Working with Reliability metrics

  • Release version: Xanadu
  • Updated August 1, 2024
  • 3 minutes to read
  • Use the SRM reliability metrics to define service level indicators (SLI), service level objectives (SLO), and error budget policies to track your service health and take necessary actions.

    High-level workflow

    1. SRM leverages integrations for signal aggregation.
    2. Reliability indicators containing SLIs and SLOs are created for the service in SRM.
    3. When a qualified alert is generated for a service, the cumulative breach and the error budget values are updated for the reliability indicators in SRM.
    4. An error budget policy is created for the service to trigger actions such as creating an incident or sending an email to remediate service issues.
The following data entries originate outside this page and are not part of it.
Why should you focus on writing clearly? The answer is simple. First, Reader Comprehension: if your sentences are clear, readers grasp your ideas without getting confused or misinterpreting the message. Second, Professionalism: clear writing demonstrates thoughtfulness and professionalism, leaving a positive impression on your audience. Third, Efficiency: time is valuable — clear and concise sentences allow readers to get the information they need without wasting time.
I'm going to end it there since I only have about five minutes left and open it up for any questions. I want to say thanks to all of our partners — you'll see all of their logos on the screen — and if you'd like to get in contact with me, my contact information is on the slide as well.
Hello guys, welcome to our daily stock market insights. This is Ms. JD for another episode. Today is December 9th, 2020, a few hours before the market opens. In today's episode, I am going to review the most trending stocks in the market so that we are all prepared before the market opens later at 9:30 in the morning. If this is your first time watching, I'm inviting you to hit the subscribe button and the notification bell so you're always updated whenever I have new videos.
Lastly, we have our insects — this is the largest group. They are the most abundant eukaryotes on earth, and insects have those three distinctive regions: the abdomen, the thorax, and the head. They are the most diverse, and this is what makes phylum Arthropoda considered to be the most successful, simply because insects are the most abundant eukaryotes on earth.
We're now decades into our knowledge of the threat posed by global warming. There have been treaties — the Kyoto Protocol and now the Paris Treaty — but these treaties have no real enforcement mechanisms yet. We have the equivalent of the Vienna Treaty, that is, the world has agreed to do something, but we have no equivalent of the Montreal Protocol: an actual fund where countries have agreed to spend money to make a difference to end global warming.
Error budgets are constrained by Category.
    The key features of the SRM metrics are:
    • SLI signal aggregation
    • Create duration and count based service level objectives
    • Calculate error budgets (EB)
    • Error budget policies
    • Error budget visualization
    Navigate to the Services > Overview tab to view all associated critical data for Reliability and Error Budget metrics. See Working with SRM services for more information.
    Note:
    Scores are only visible when SLIs and SLOs and Error budgets have been created and there are affected. See Create SLO, SLI, and Error budget policies for more detailed information.
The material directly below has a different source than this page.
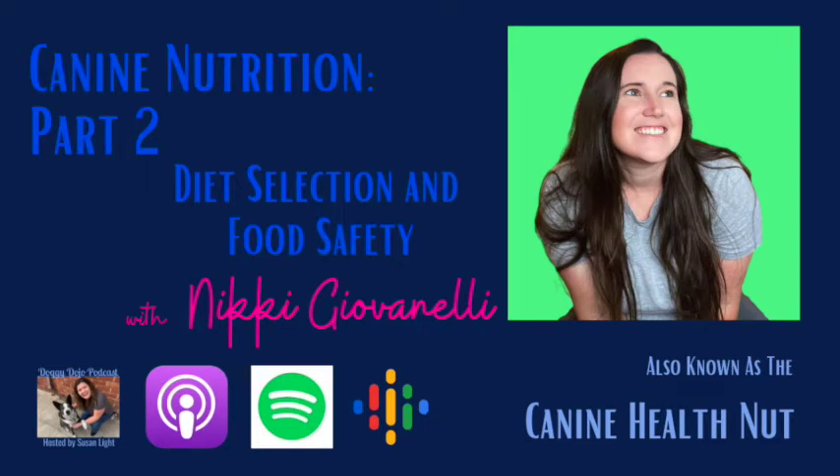Welcome to the Doggy Dojo. I'm your host, Susan Light, a Los Angeles-based dog trainer on a quest to become worthy of the title Sensei of the Doggy Dojo. I'm going to keep this intro short and sweet because this is part two of Canine Nutrition and it's packed with information about how to feed your dog a complete and balanced diet if you choose something other than kibble. I'm pleased to welcome back the Canine Health Nut, Nikki Juvenelli.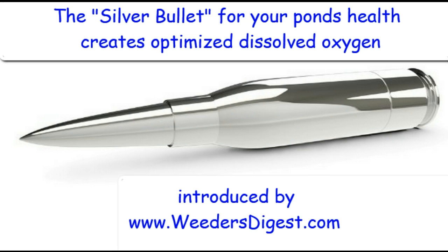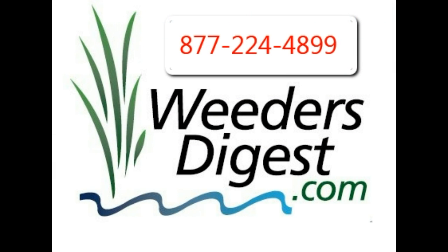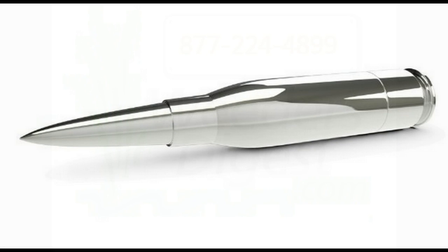This is something you've never seen before, so the best thing I think you can do is head to weedersdigest.com, sign up for our email list, or pick up the phone and give us a call. The phone number to call us at is 877-224-4899 and ask about the silver bullet designed to create an optimized dissolved oxygen level. Check it out at www.weedersdigest.com.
    Reliability metrics tab

    Navigate to the Services > Reliability metrics tab to view the service level objectives (SLO) for a service.

    Figure 1. SRM reliability metrics list view
    The reliability metrics tab shows a list of the service level objectives for a selected service.
    Note:
    Updating the SLO changes the state and results in retiring this SLO record and creating a new copy for accurate monitoring purposes.

    Reliability metrics

    Service Level Objectives show the following details:

    • Service level objective: Name of the SLO. The SLO is a target value or the objective that your team must hit to meet your service level agreement (SLA).
    • SLI type: The real numbers on the performance of your service.
      The SLI types are:
      • Availability: Percentage of time your service is available. Also called uptime. Availability is the basic metric for reliability. (Default).
      • Errors: Measures the frequency of your service errors.
      • Latency: Time it takes to service a request. The actual amount of time that elapsed.
      • Saturation: Measures the “fullness” of your system, emphasizing the resources that are most constrained.
    • Compliance period:
      How long the SLO is set to last.
      • Month: The duration is considered to be the current month. For example, if the current date is 26th January, the duration will be considered from 1st January until 31st January.
      • Rolling 7 days: The duration is considered to be 7 days from the current date.
      • Rolling 30 days: The duration is considered to be 30 days from the current date. For example, if the current date is 26th January, the duration will be considered from 25th December.
      • Rolling 90 days: The duration is considered to be 90 days from the current date. For example, if the current date is 26th January, the duration will be considered from 25th October.
    • State:
      State of the SLO. Choices are:
      • Draft: The SLO isn't running in your instance yet. You can add new SLIs or update existing SLIs and you can delete the SLO.
      • Running: The SLO is active in your instance. You can edit, retire, or delete the SLO.
        Note:
        Editing an SLO in the running state retires it and a new copy is created.
      • Retired: The SLO is no longer running in your instance. You can reactivate it.
    • Objective (%): Percentage of the desired SLI performance.
    • Limit occurrences: Number of limit breaches that have occurred. (Used by Count SLO types.)
    • Service level indicator: Real numbers on the performance of your service. Measurable facts that indicate whether you’re meeting the customers’ expectations.
    • Error budget: How much error budget you can spend. When creating a SLO, the error budget is calculated based on the provided Compliance period and Objective (%).
    • Remaining error budget: How much error budget is left.
    • Remaining breach occurrences: Number of breaches left before the limit is reached.
    Note:
    Service level objective history [sn_sow_srm_slo_history] and Service level indicator metric [sn_sow_srm_sli_metric] records are archived after one year and destroyed five years after that. Doing this is expected to result in greater performance along with equal longevity data retention. No queries are run against archived tables.